*Task requirements*
Each line from the one that holds "GREY NIKE AIR FORCE 1" to the end of the records is to be retyped exactly. Pictures are not part of the copy.

(Short descriptive text snippets)
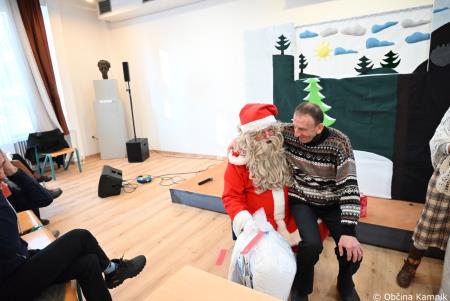Varovance Društva Sožitje Kamnik obiskal Božiček (9)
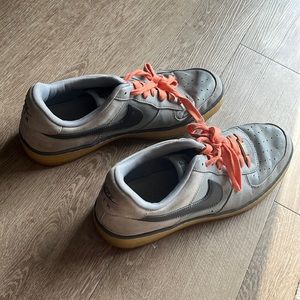 GREY NIKE AIR FORCE 1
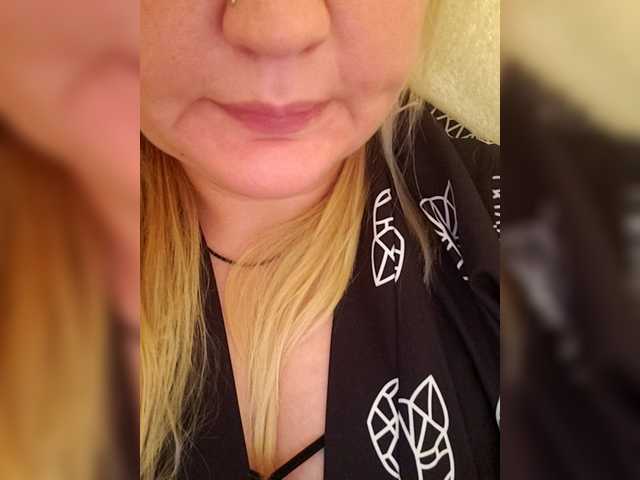 MeriBoos live cam on BongaCams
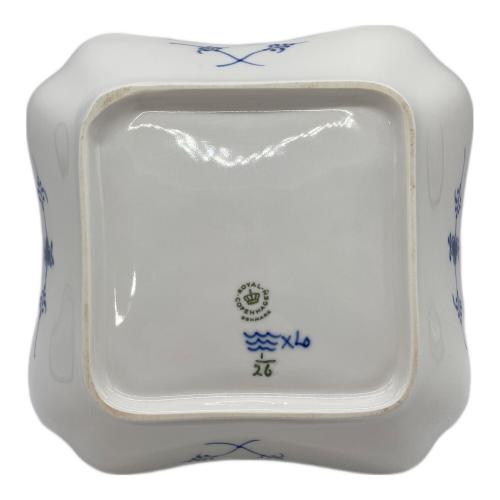 ROYAL COPENHAGEN (ロイヤル・コペンハーゲン) スクエアボウル ブルーフルーテッド・プレイン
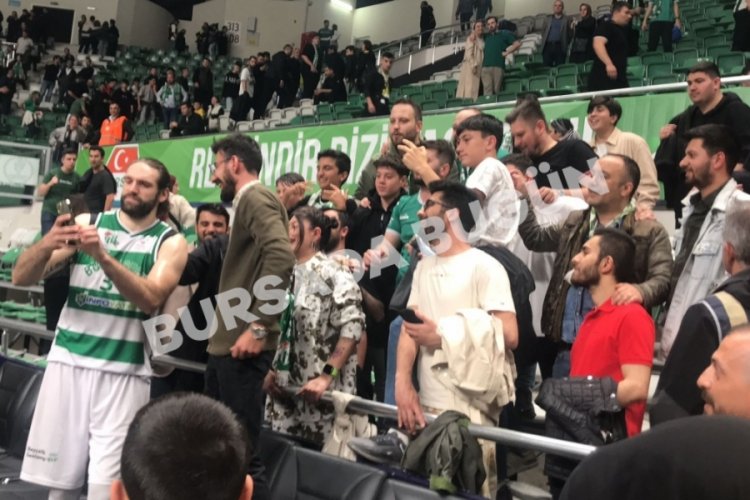Taraftarın sevgilisi Alex Gavrilovic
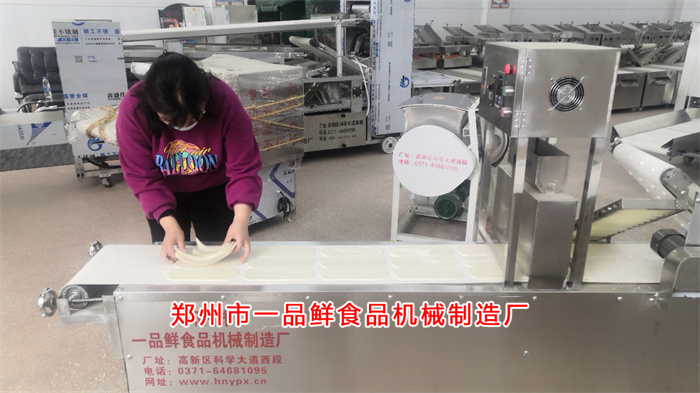 開封王先生更換燴面機(jī)選擇一品鮮350型燴面機(jī)(圖3) 開封王先生更換燴面機(jī)選擇一品鮮350型燴面機(jī)(圖3)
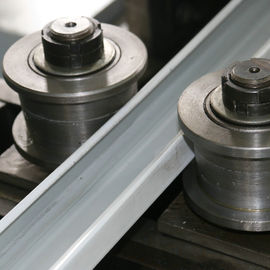 Rollo automático de la quilla de la luz de la rejilla de T que forma la máquina para la placa de acero del color de proceso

*Answer to this exercise*
 GREY NIKE AIR FORCE 1
 MeriBoos live cam on BongaCams
 ROYAL COPENHAGEN (ロイヤル・コペンハーゲン) スクエアボウル ブルーフルーテッド・プレイン
Taraftarın sevgilisi Alex Gavrilovic
 開封王先生更換燴面機(jī)選擇一品鮮350型燴面機(jī)(圖3) 開封王先生更換燴面機(jī)選擇一品鮮350型燴面機(jī)(圖3)
 Rollo automático de la quilla de la luz de la rejilla de T que forma la máquina para la placa de acero del color de proceso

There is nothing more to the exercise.